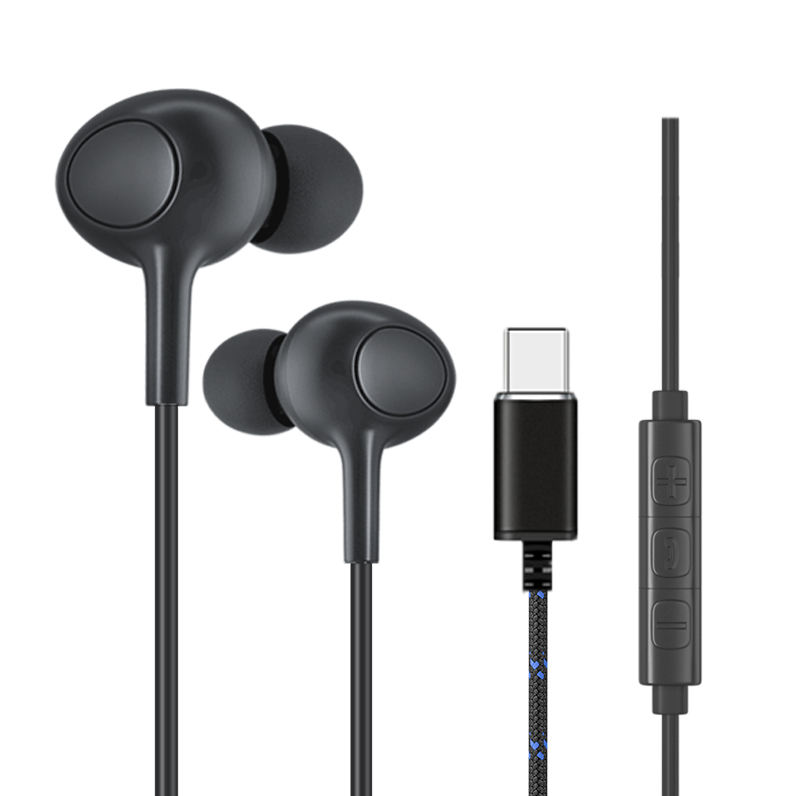 Factory Price Durable In-ear Stereo Digital USB-C Earphone Type C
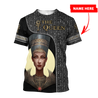 Custom name The Queen Ancient Egypt 3D design print shirts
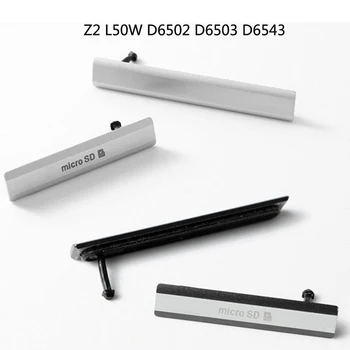 Dulkių Plug Atveju Sony xperia z3 kompaktiškas Mini M55W D5803 D5833 Z2 Z1 Galiniai SIM Kortelės, Micro SD USB Įkrovimo lizdas Lizdas Bloko Dangtis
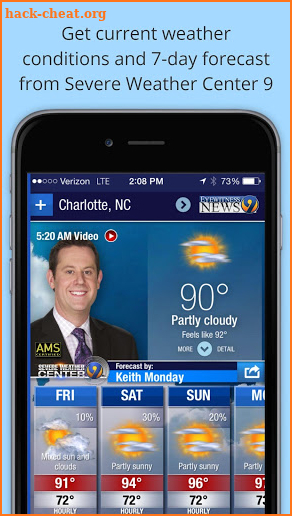 WSOC-TV Weather screenshot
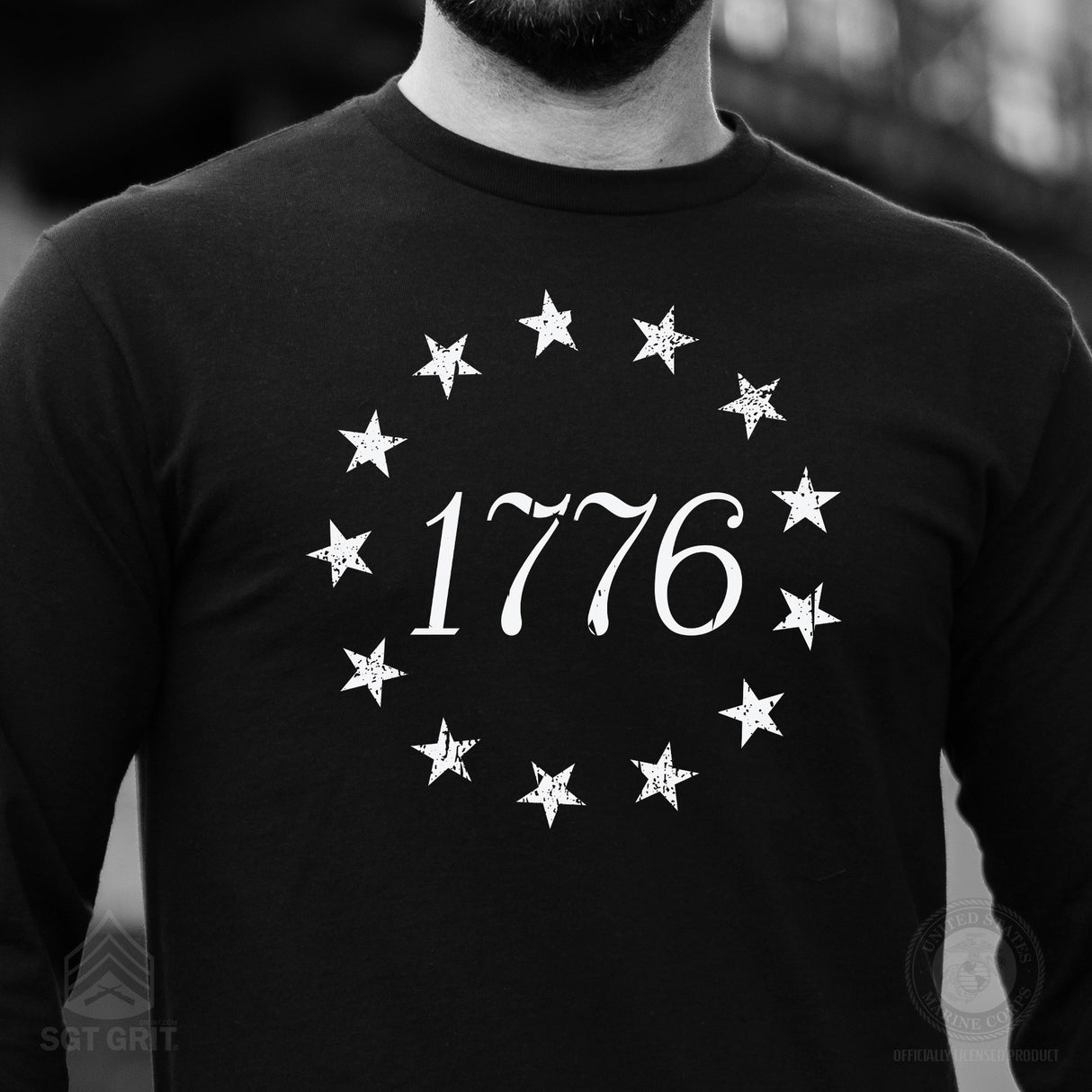 1776 Betsy Ross Flag Long Sleeve T-Shirt - SGT GRIT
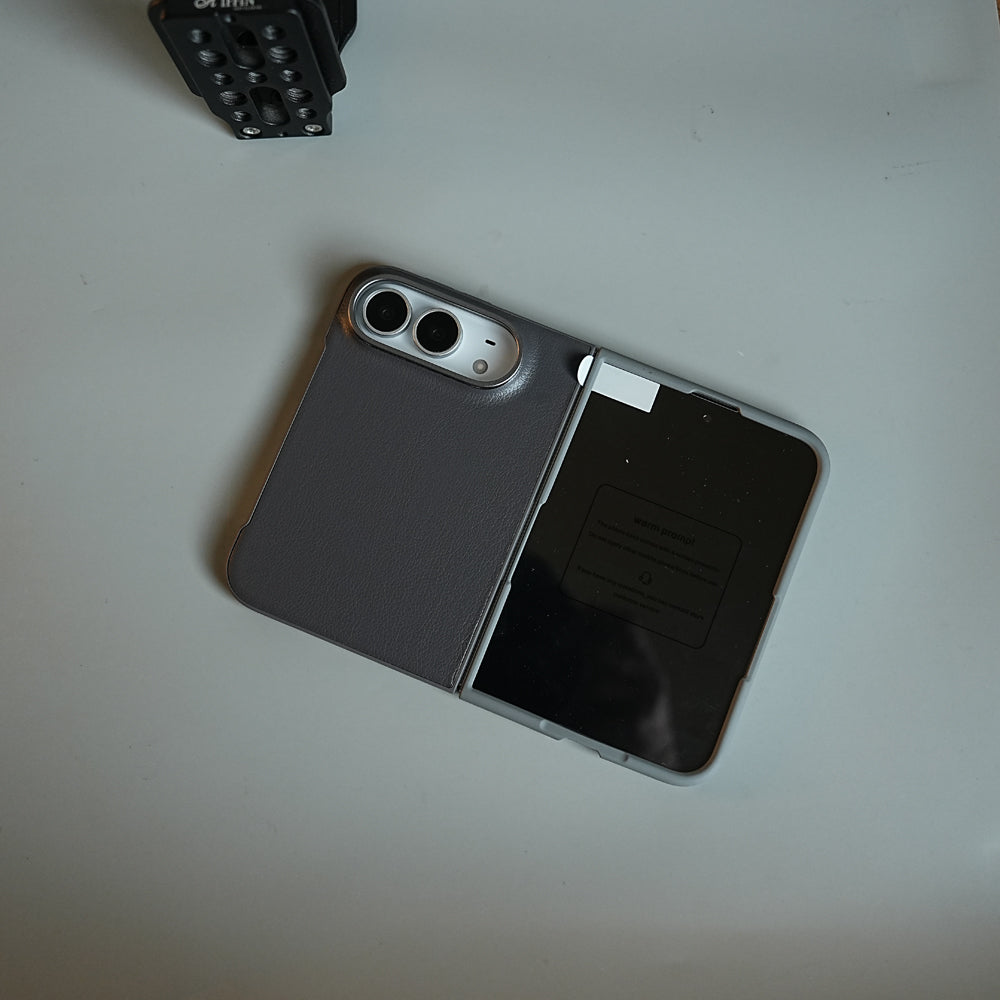 LuxeGrain Textured Leather Case for iPhone Duo with Front Glass Protection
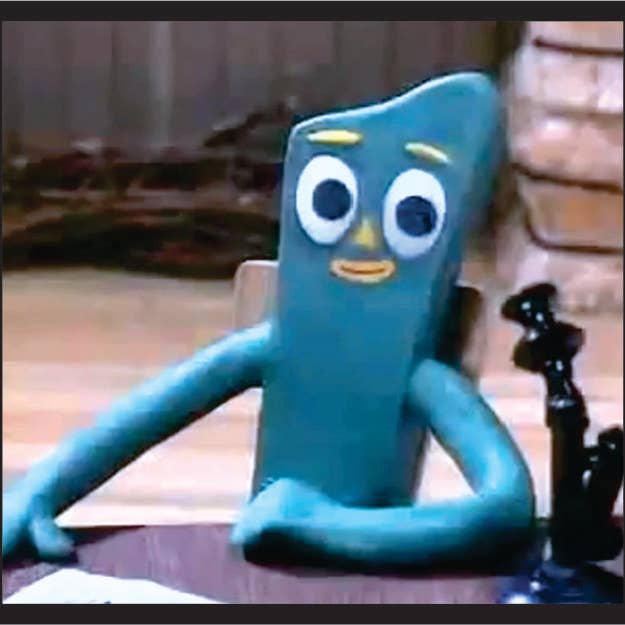 3 Inch Cloth Patch Gumby for wholesale by BMS BIZ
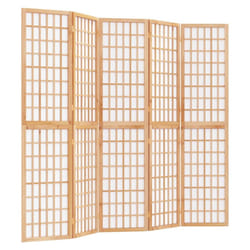 vidaXL Folding 6-Panel Room Divider Japanese Style Shoji Multi Colours/Sizes - brown, 200 x 170 cm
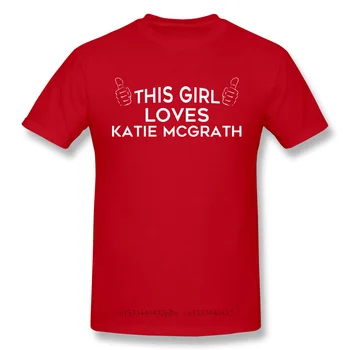Moški Oblačila Dracula Grozo TV Serije Majica Rdeče T-Shirt je To Dekle Ljubi Katie McGrath Moški Modni Kratek Rokav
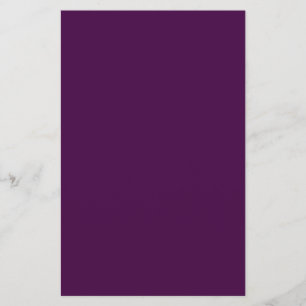 Eggplant Purple Solid Colour Flyer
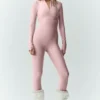 Airlift Winter Warm Ski Time Latzhose – Pink Champagne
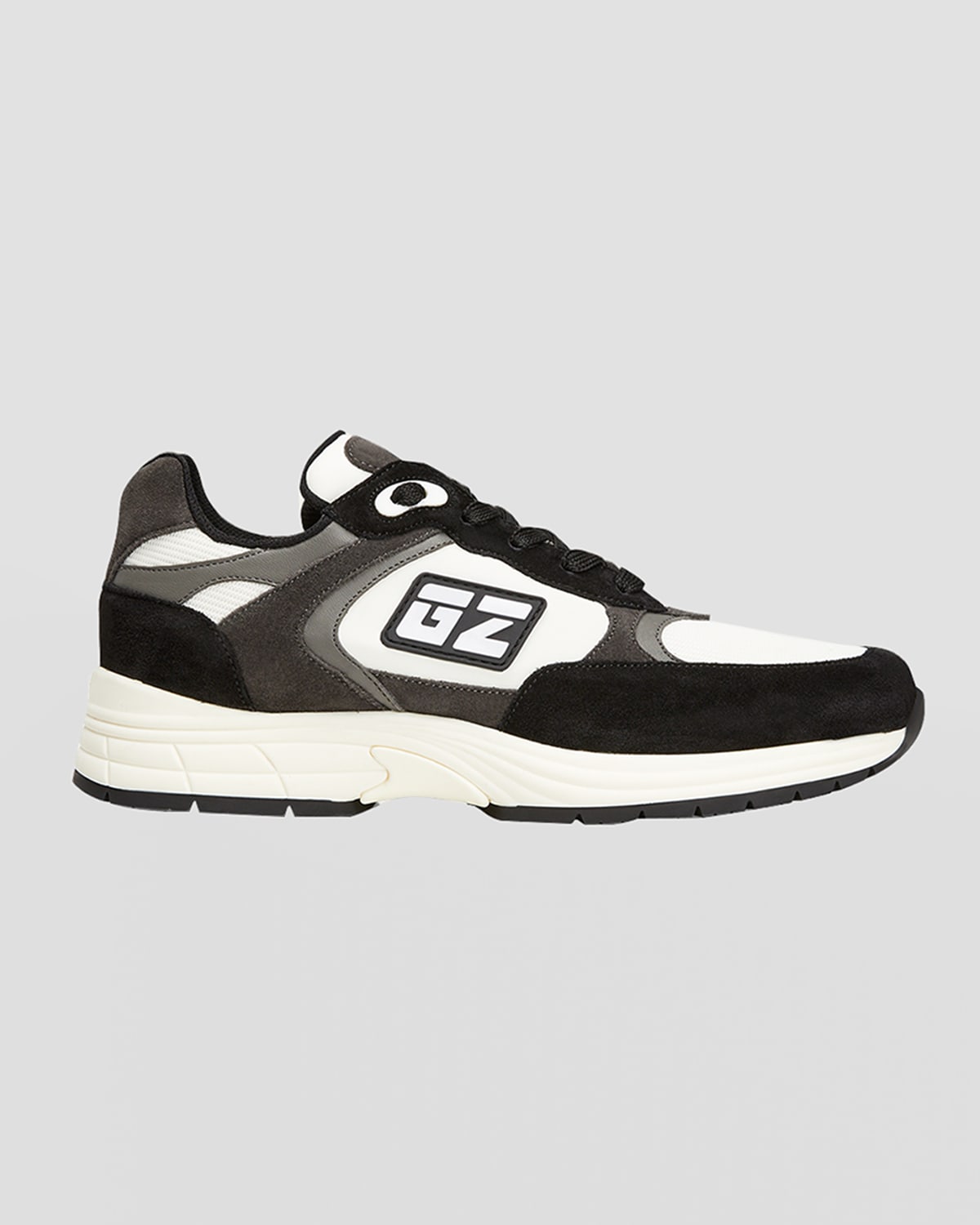 Giuseppe Zanotti Men's Gz Runner Sneakers In Blk/wht/grey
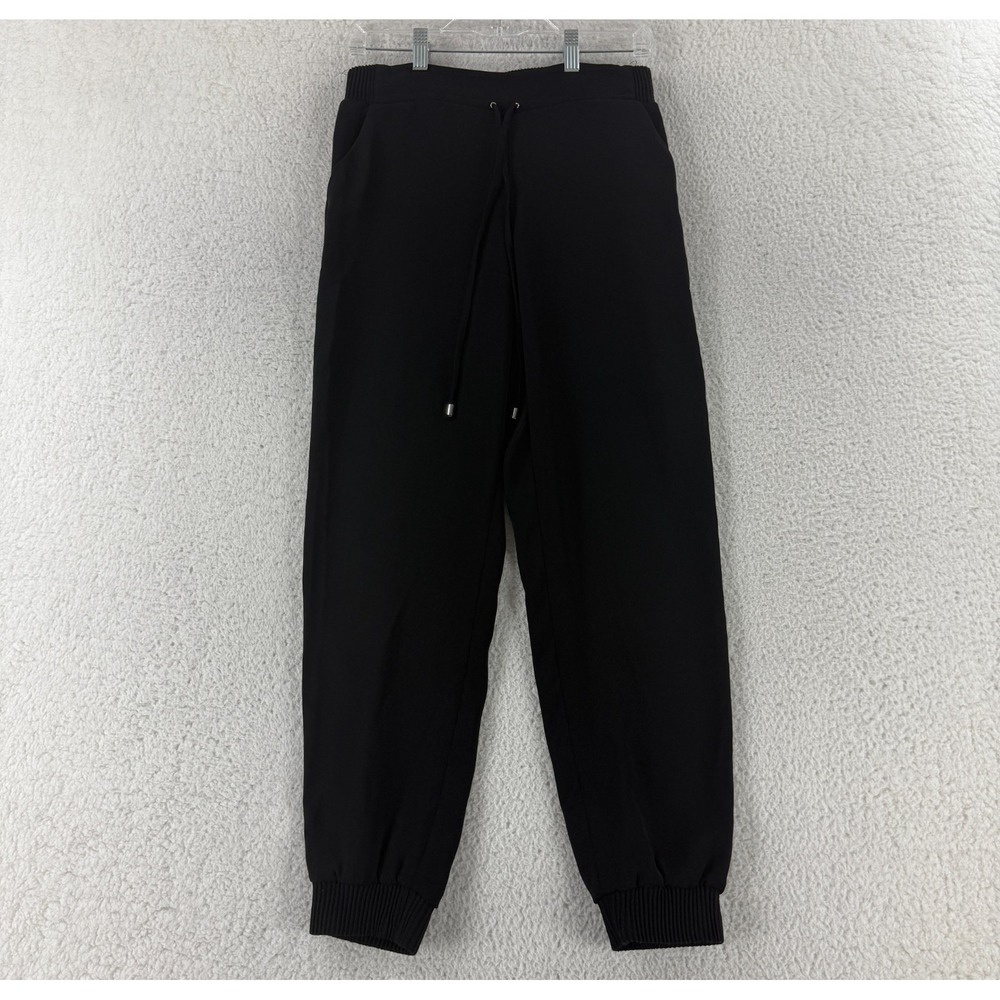 Ted Baker Jogger Pants Women Small Black Pull On Elastic Waist Drawstring Casual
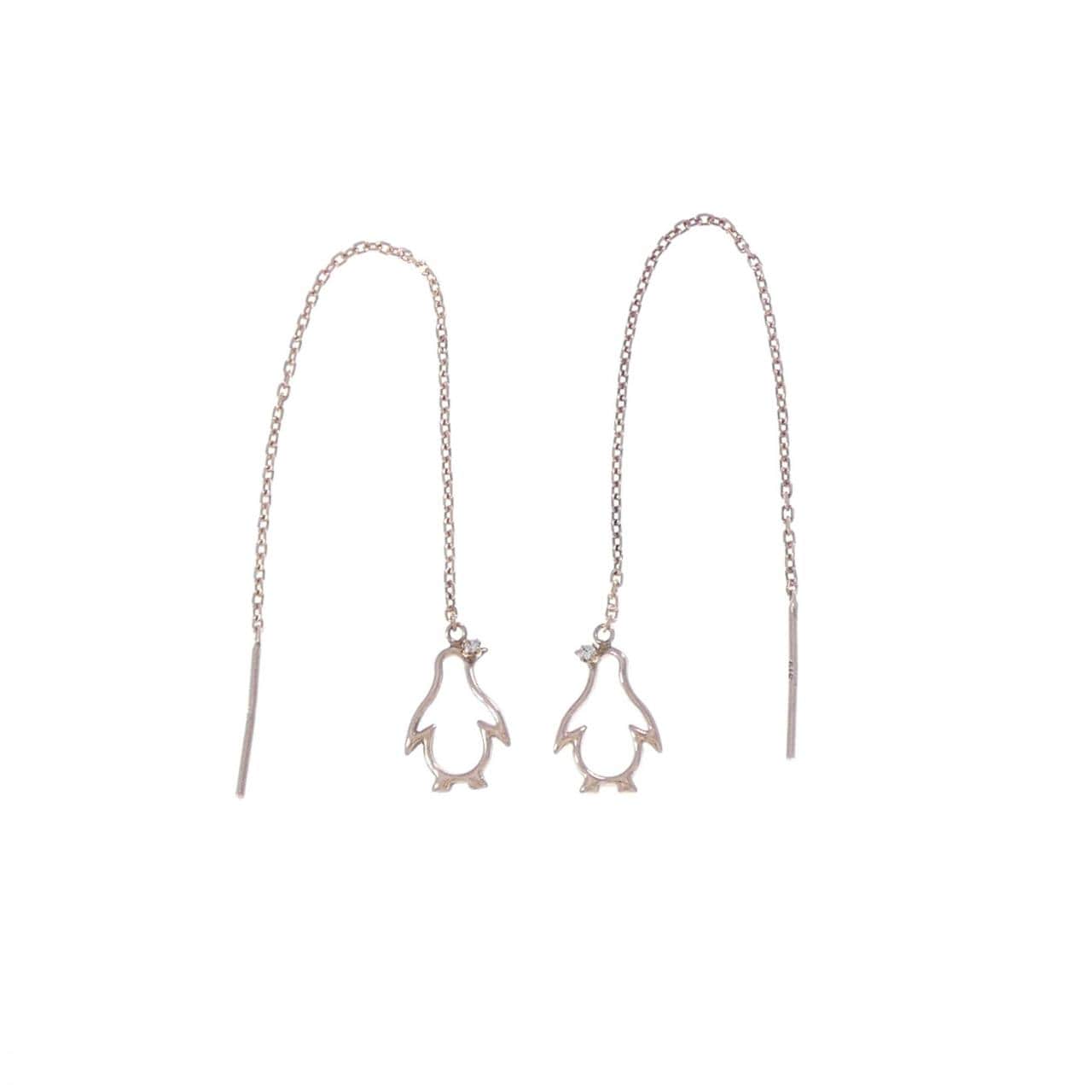 K10PG キュービック ピアス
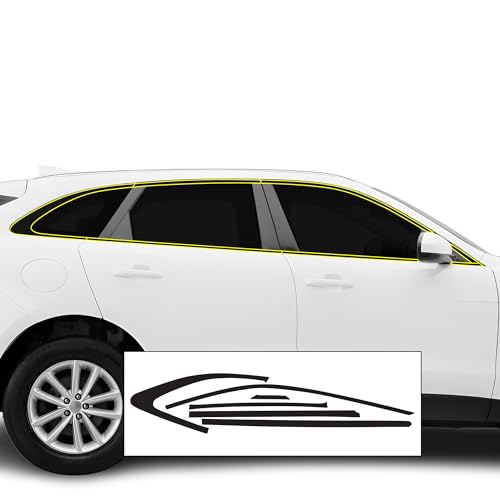 Embellecedor negro brillante de ventana lateral para Jaguar F-Pace (modelos 2017 a 2025)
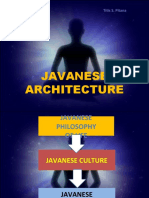 Javanese Architecture: Titis S. Pitana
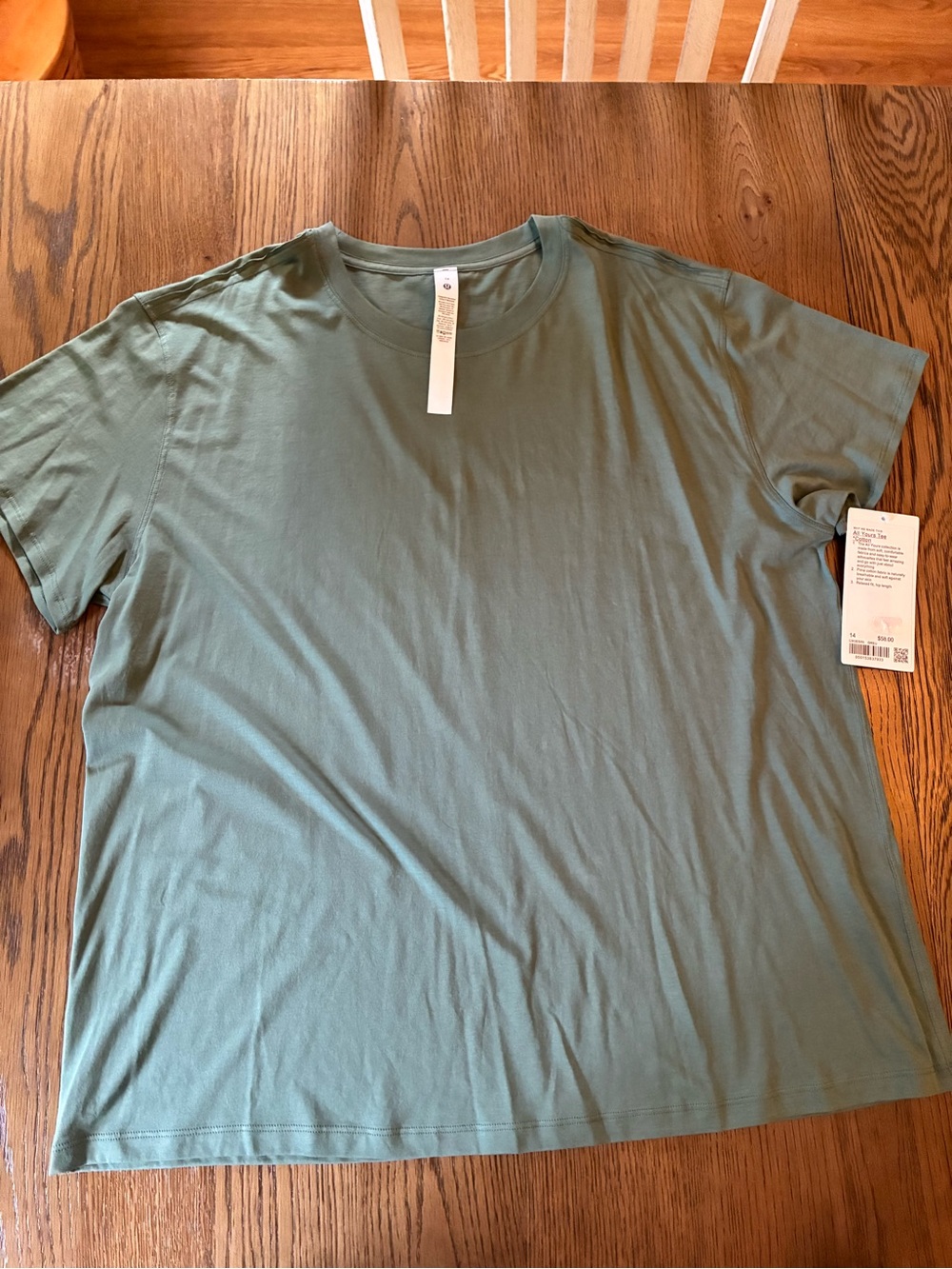 lululemon athletica All Yours Tee (Cotton) Sz 14 NWT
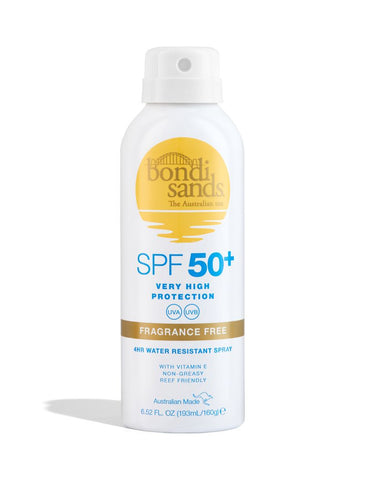 Bondi Sands Fragrance Free  SPF50+ Face Mist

════════════════════

__EXERCISE__: Reproduce all entries exactly. Pictures do not belong in the copy.

__WORKED SOLUTION__:
 Factory Price Durable In-ear Stereo Digital USB-C Earphone Type C
 Custom name The Queen Ancient Egypt 3D design print shirts
 Dulkių Plug Atveju Sony xperia z3 kompaktiškas Mini M55W D5803 D5833 Z2 Z1 Galiniai SIM Kortelės, Micro SD USB Įkrovimo lizdas Lizdas Bloko Dangtis
 WSOC-TV Weather screenshot
 1776 Betsy Ross Flag Long Sleeve T-Shirt - SGT GRIT
 LuxeGrain Textured Leather Case for iPhone Duo with Front Glass Protection
 3 Inch Cloth Patch Gumby for wholesale by BMS BIZ
 vidaXL Folding 6-Panel Room Divider Japanese Style Shoji Multi Colours/Sizes - brown, 200 x 170 cm
Moški Oblačila Dracula Grozo TV Serije Majica Rdeče T-Shirt je To Dekle Ljubi Katie McGrath Moški Modni Kratek Rokav
 Eggplant Purple Solid Colour Flyer
 Airlift Winter Warm Ski Time Latzhose – Pink Champagne
 Giuseppe Zanotti Men's Gz Runner Sneakers In Blk/wht/grey
 Ted Baker Jogger Pants Women Small Black Pull On Elastic Waist Drawstring Casual
 K10PG キュービック ピアス
 Embellecedor negro brillante de ventana lateral para Jaguar F-Pace (modelos 2017 a 2025)
 Javanese Architecture: Titis S. Pitana
 lululemon athletica All Yours Tee (Cotton) Sz 14 NWT
 Bondi Sands Fragrance Free  SPF50+ Face Mist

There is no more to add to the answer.